The Stratford Company, developers and owner of the site, wants to build a six-story residential building. “The plan is to ‘condominiumize’ the development,” says Stratford’s director of asset management Mark Isner. The proposed building would contain 103 condos and use the ground floor for retail and office space. Parking for 123 cars would, thankfully, be underground.
Ankrom Moisan Architects
The firm recently hung a banner from the Marion’s façade asking would-be tenants and neighbors to complete an online survey about what sorts of qualities they seek in the new building. “We’re trying to make them affordable as we can possible make them,” Isner says. Stratford hopes to break ground this summer.
At tonight’s meeting, open to the public, architects and developers will respond to design guidance provided by the city’s volunteer design-review board in October. If you want to go, it’s at 8 p.m. in room of 3211 of Seattle Central Community College, 1701 Broadway.
Good intentions can get in the way of good design. For example, an impressive proposal for condos at E Thomas Street and Melrose Avenue E may not mesh the city’s milquetoast plans for the site. Developer Masto Properties has proposed replacing a squat apartment building with a six-story building, containing 30 condominiums and parking for 32 vehicles below grade. One point of friction: It’s bright yellow.
Copyright 2008, Group Architect Inc.
“They said it might be too bold,” Steve Gawronski of Group Architect Inc. says about the design-review board’s take on the design at a previous meeting. But the color works with the building and is spectacularly refreshing. Thousands of cans of taupe paint already threw up all over pre-fab boxes around the city—we don’t need another one.

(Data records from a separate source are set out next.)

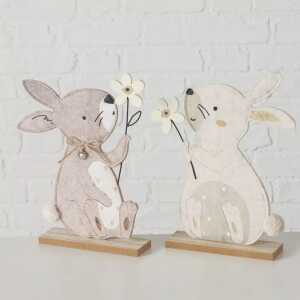 BOLTZE Osterfigur Bunny 29,5cm 2fach sortiert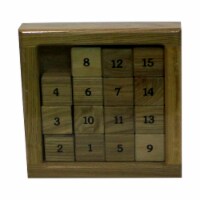 Square Root Number Puzzle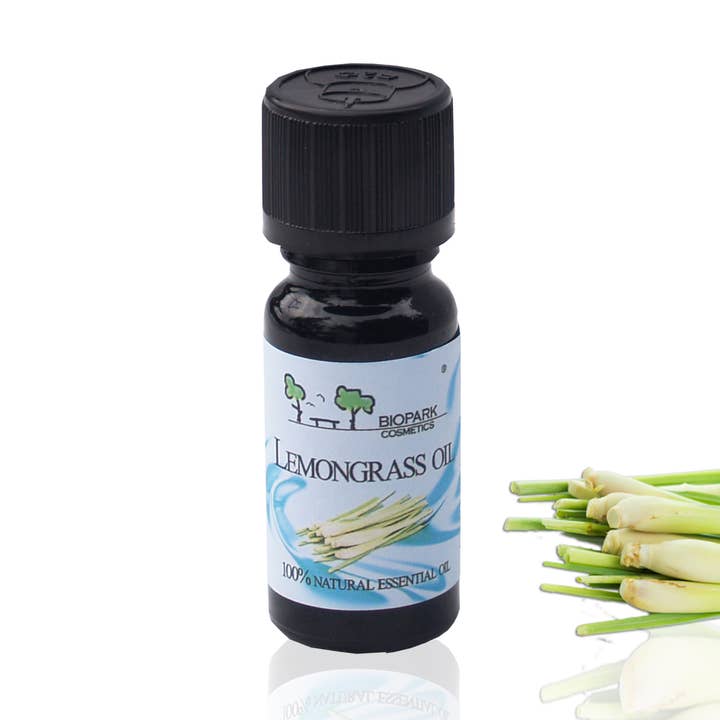 Ätherisches Zitronengrasöl, 10 ml für den Großhandel von Biopark Cosmetics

In addition to maintaining a 15-foot clearance from the building to the north, the building’s other spatial challenge is related to I-5. Melrose abuts the freeway, parallel. Seattle’s Department of Transportation maintains a right-of-way 20 feet back from the street on Melrose and asks developers to keep that space level with the sidewalk. The problem: complying at this site, on a steep grade, would require transitioning from the sidewalk-level to the bottom floor of the building with this hideous concrete wall.
Copyright 2008, Group Architect Inc.
Group Architect’s proposal to terrace the sidewalk (as shown in the first rendering) is a vast improvement and should be permitted. If SDoT needs the space in 50 years, which it may, then it can ask the building’s owners to tear out the terrace. At tonight’s meeting, architects address will those issues and respond to previous design guidance. It’s at 6:30 p.m. in room 3211 of Seattle Central Community College, 1701 Broadway.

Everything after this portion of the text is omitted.